▶ **Your goal**: In the copy, every line of the material that follows must appear exactly, and no pictures should.

▶ **Materials provided**:
-.-.-

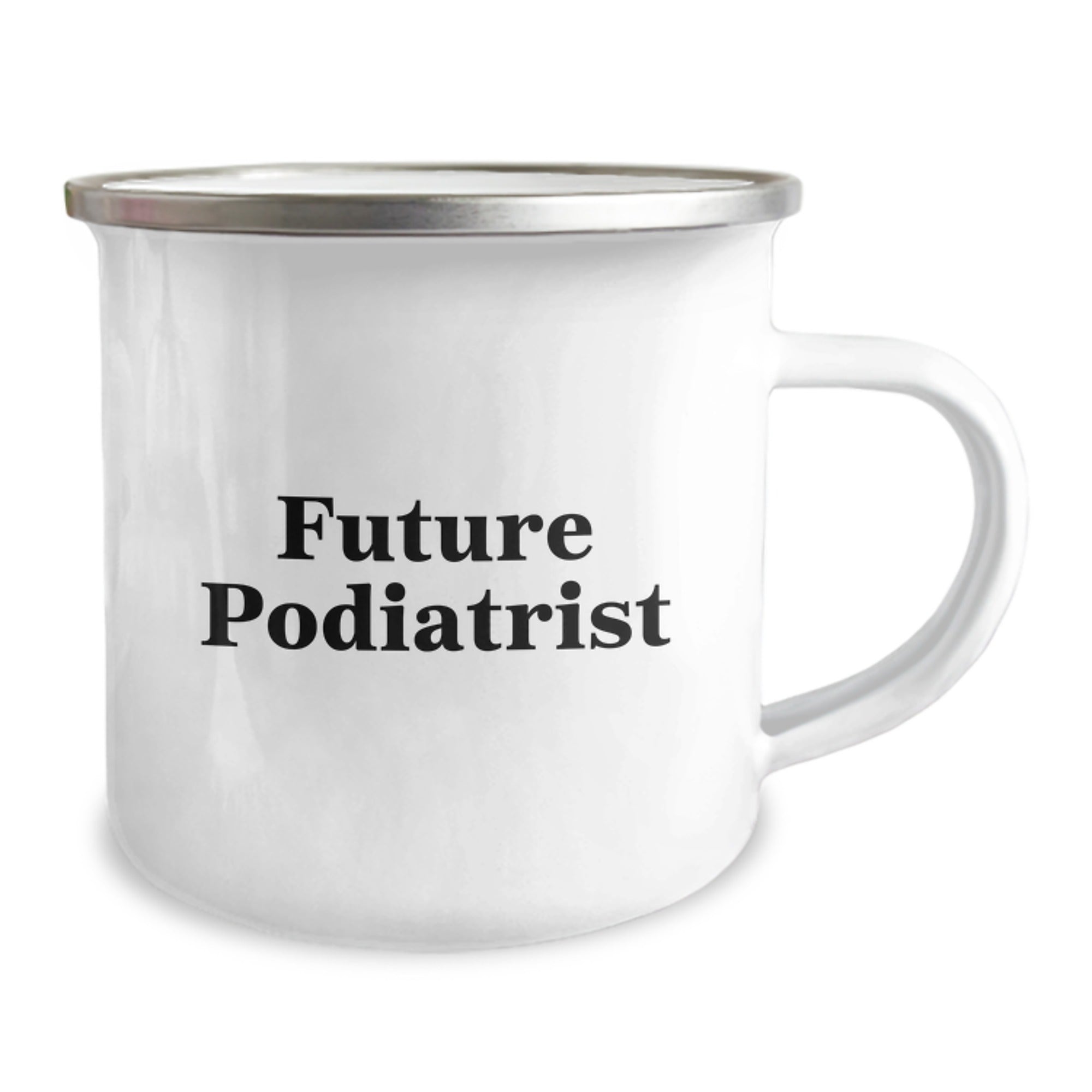 Funny Future Podiatrist Gifts from Friends, Gifts for Podiatrist, 12 oz Stainless Steel Camping Mug - Image 2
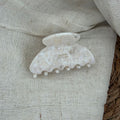 Cute Mini Marbel Textured Non-Slip Hair Claw 6W6HCP1294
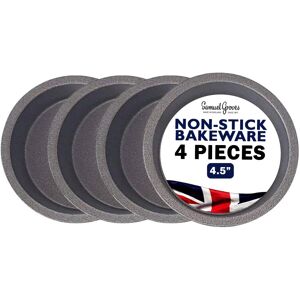 Samuel Groves 4 x Non-Stick Deep Round Pie Tin (4.5 inch) Samuel Groves 4 x Non-Stick Deep Round Pie Tin (4.5 inch)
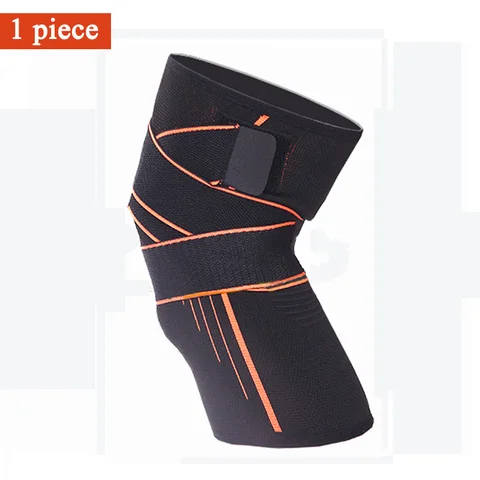 Спортивный защитный наколенник, эластичная повязка на колено, нейлоновый 3D Плетеный протектор для бега, для артрита, баскетбола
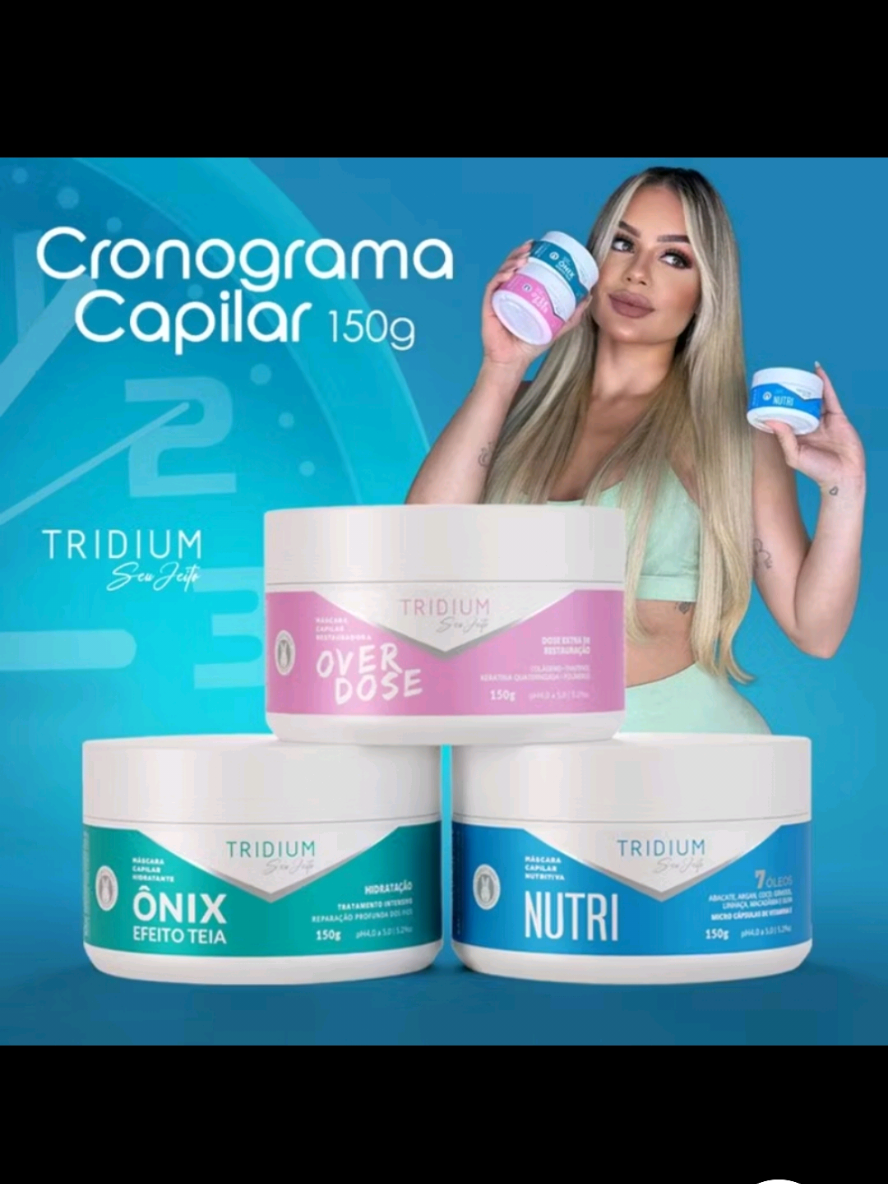 Cabelo hidratado com tridium  link na bio ou nos comentários  #cabelo #hidratacaodecabelo  #cabeloforte  #achadosshopee  #cosmetico 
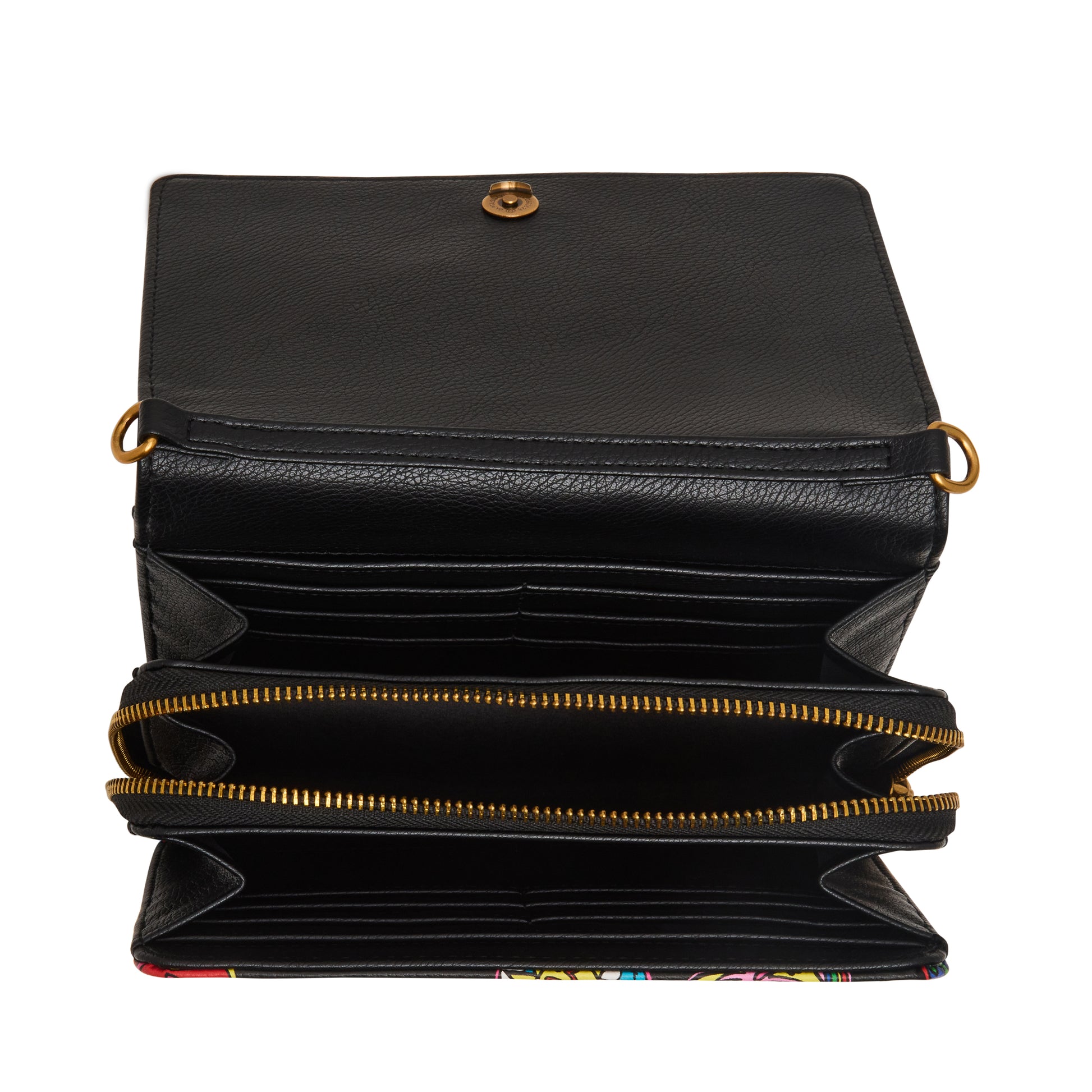 Betsey Johnson Jet Set Wallet On Chain Crossbody Bag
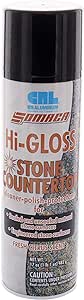 Somaca Hi-Gloss Stone Countertop Cleaner - 17 oz. Can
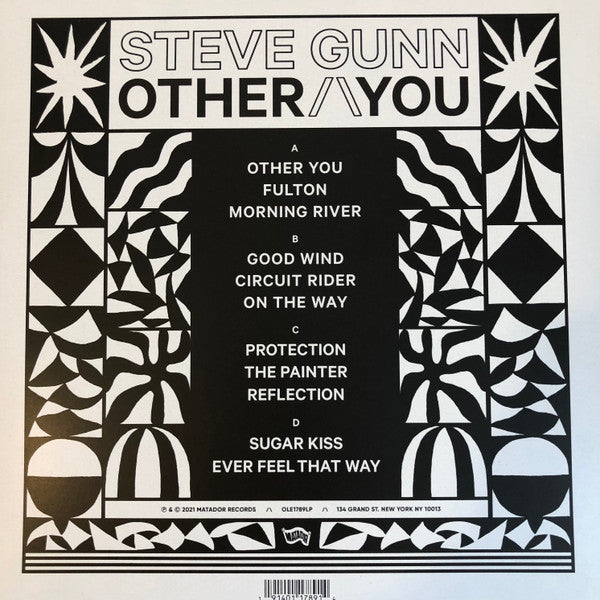 Signed Autographed - Steve Gunn - Other You - Mint- 2 LP Record 2021 Matador Black Vinyl - Indie Rock / Acoustic / Folk Rock - Shuga Records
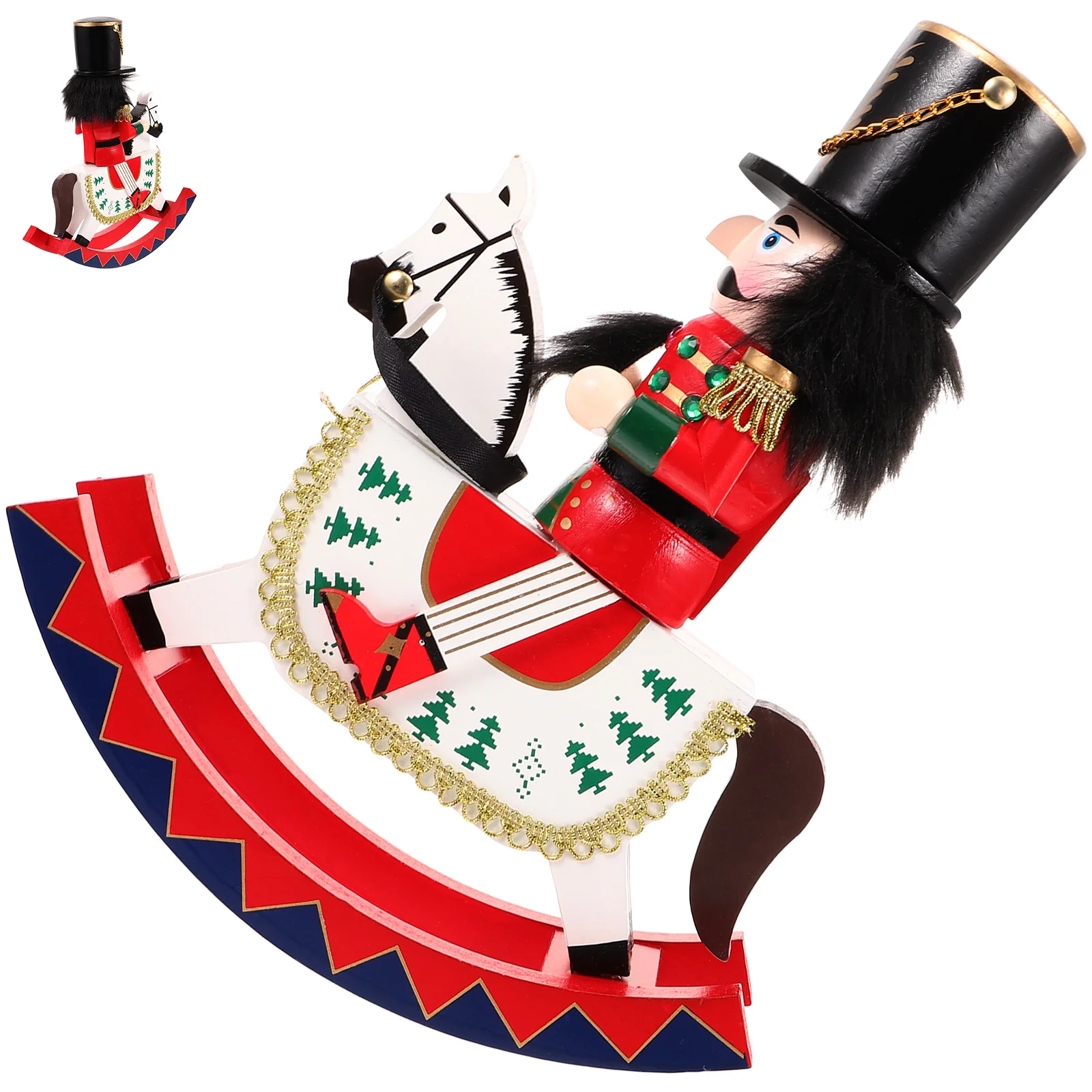

Nutcracker Craft Christmas Decoration Home Office Desktop Christmas Nutcrackers Figures Ornament Xmas Nutcrackers Wood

-.-.-

▶ **Output for this task**:
 Funny Future Podiatrist Gifts from Friends, Gifts for Podiatrist, 12 oz Stainless Steel Camping Mug - Image 2
 Cute Mini Marbel Textured Non-Slip Hair Claw 6W6HCP1294
 Samuel Groves 4 x Non-Stick Deep Round Pie Tin (4.5 inch) Samuel Groves 4 x Non-Stick Deep Round Pie Tin (4.5 inch)
 Спортивный защитный наколенник, эластичная повязка на колено, нейлоновый 3D Плетеный протектор для бега, для артрита, баскетбола
 Cabelo hidratado com tridium  link na bio ou nos comentários  #cabelo #hidratacaodecabelo  #cabeloforte  #achadosshopee  #cosmetico 
 Betsey Johnson Jet Set Wallet On Chain Crossbody Bag
 Somaca Hi-Gloss Stone Countertop Cleaner - 17 oz. Can
 Signed Autographed - Steve Gunn - Other You - Mint- 2 LP Record 2021 Matador Black Vinyl - Indie Rock / Acoustic / Folk Rock - Shuga Records

Nutcracker Craft Christmas Decoration Home Office Desktop Christmas Nutcrackers Figures Ornament Xmas Nutcrackers Wood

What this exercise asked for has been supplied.